Codex Micro: OpenAI bringt erste Hardware-Tastatur für KI-Agenten
Veröffentlicht: 16.07.2026 um 02:24 Uhr, Redaktion boerse-global.de
OpenAI hat erstmals ein eigenes Hardware-Produkt auf den Markt gebracht. Die Codex Micro ist eine Minitastatur zur Steuerung autonomer KI-Agenten.
Am Dienstag startete der Verkauf der Codex Micro, einem kompakten Eingabegerät, das in Zusammenarbeit mit dem Designstudio Work Louder entstand. Die auf 230 US-Dollar (etwa 210 Euro) taxierte Tastatur richtet sich an professionelle Nutzer der Codex-Plattform und ist als limitierte Sonderedition konzipiert.

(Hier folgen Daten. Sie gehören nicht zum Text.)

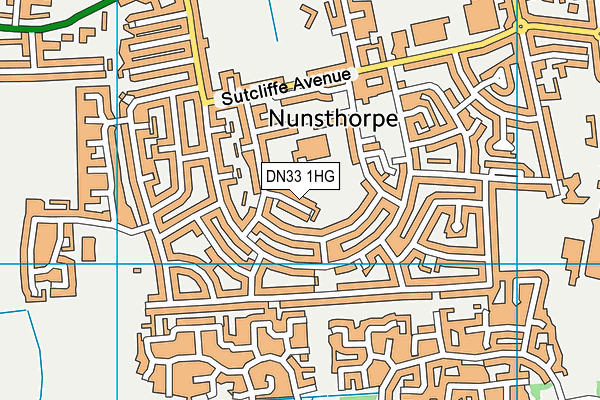 DN33 1HG map - OS VectorMap District (Ordnance Survey)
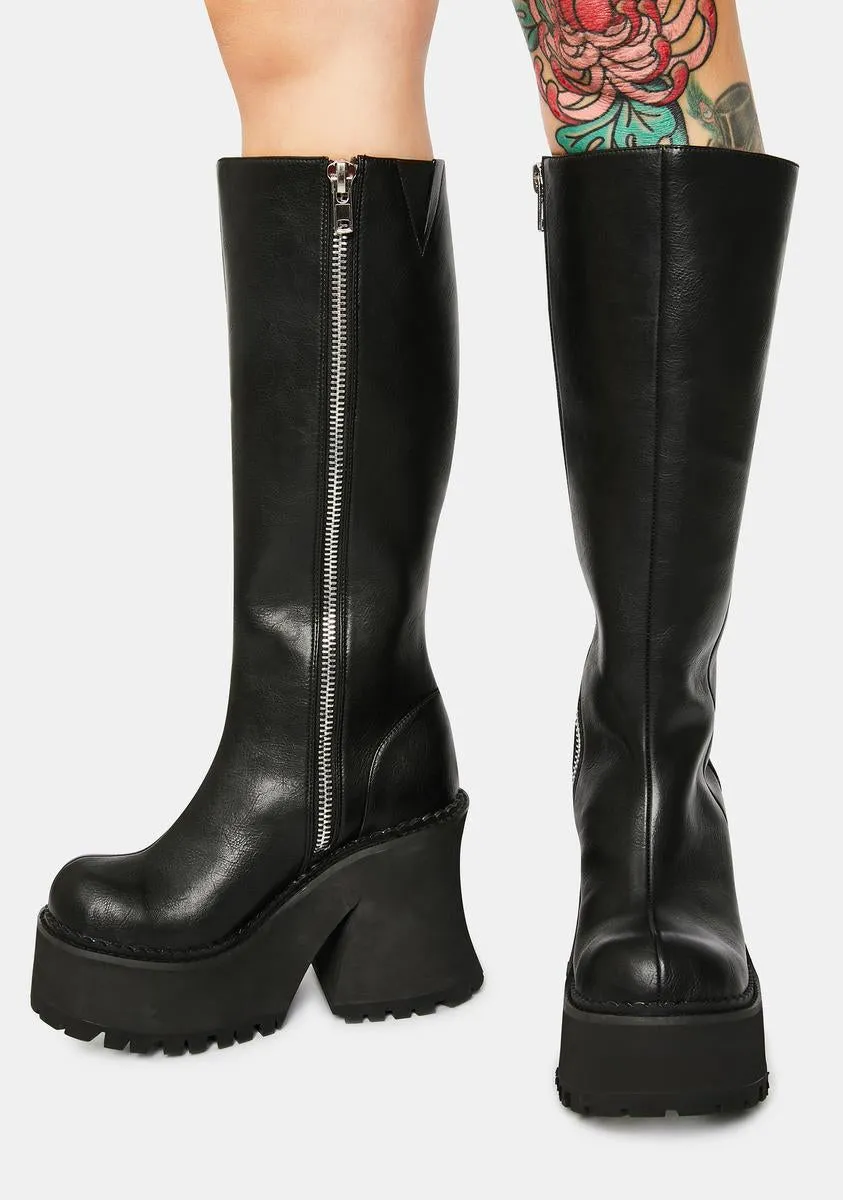 Geaux Geaux Knee High Platform Boots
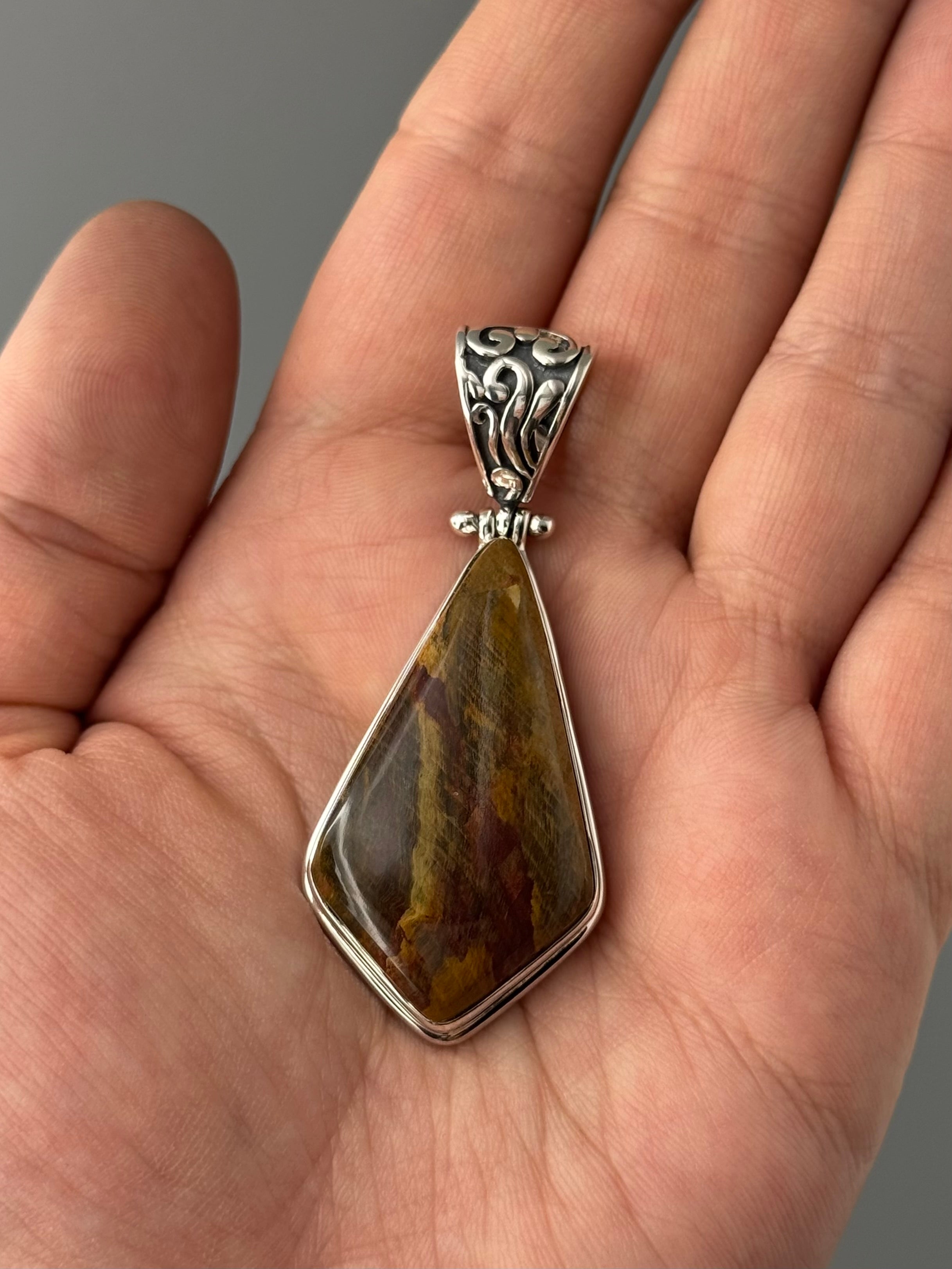 •PETRIFIED WOOD - KITE• sterling silver pendant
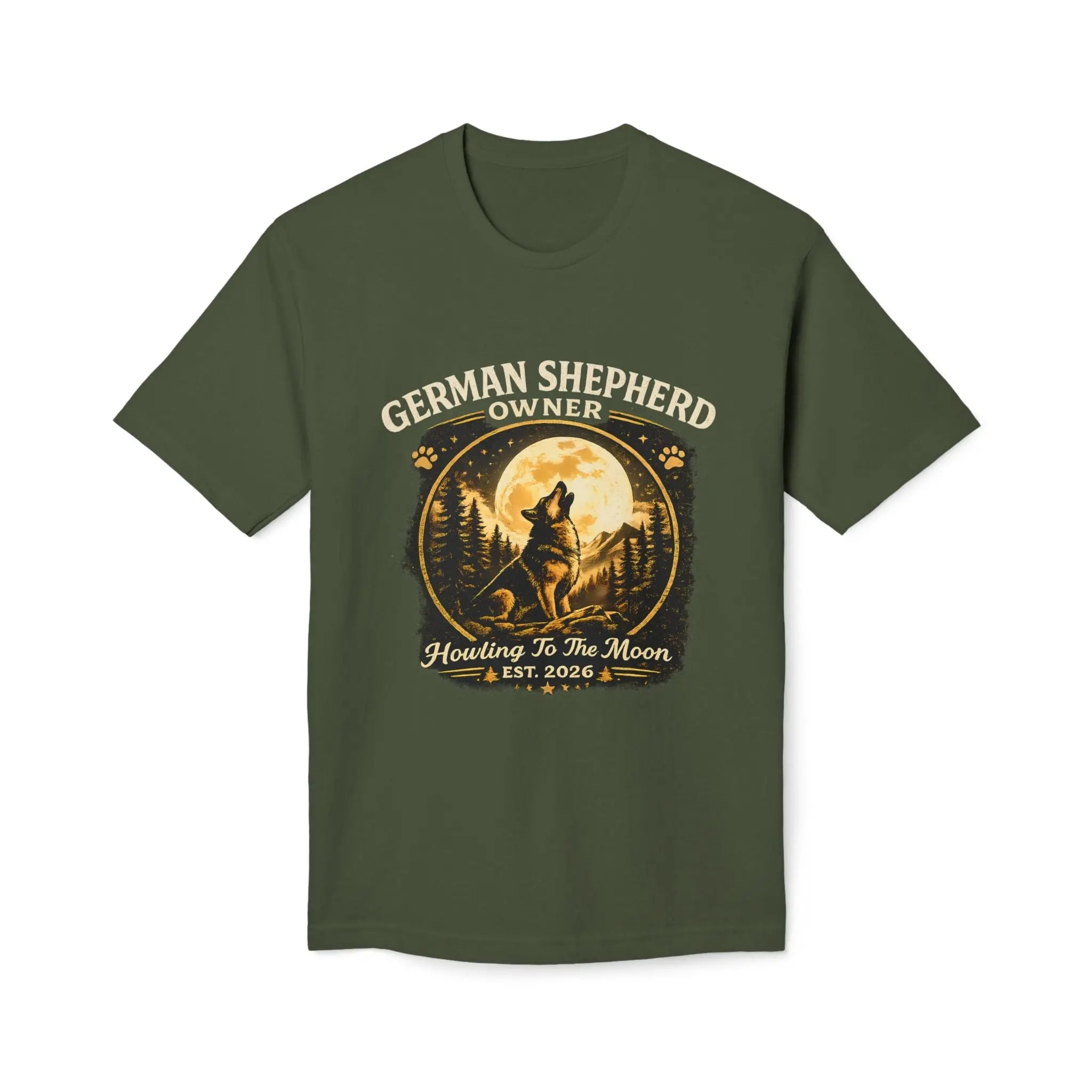 Howling to the Moon German Shepherd T-Shirt — Dog Owner Gift Printify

Physische Kontrolle für KI-Workflows
Das Herzstück des Geräts sind 13 mechanische Schalter, die wahlweise mit klickendem oder leisem Anschlag erhältlich sind. Hinzu kommen ein Drehregler, ein Joystick und ein Touch-Sensor. Die Verbindung zum Rechner erfolgt per Bluetooth oder USB-C, die Konfiguration läuft über die ChatGPT-Desktop-Anwendung.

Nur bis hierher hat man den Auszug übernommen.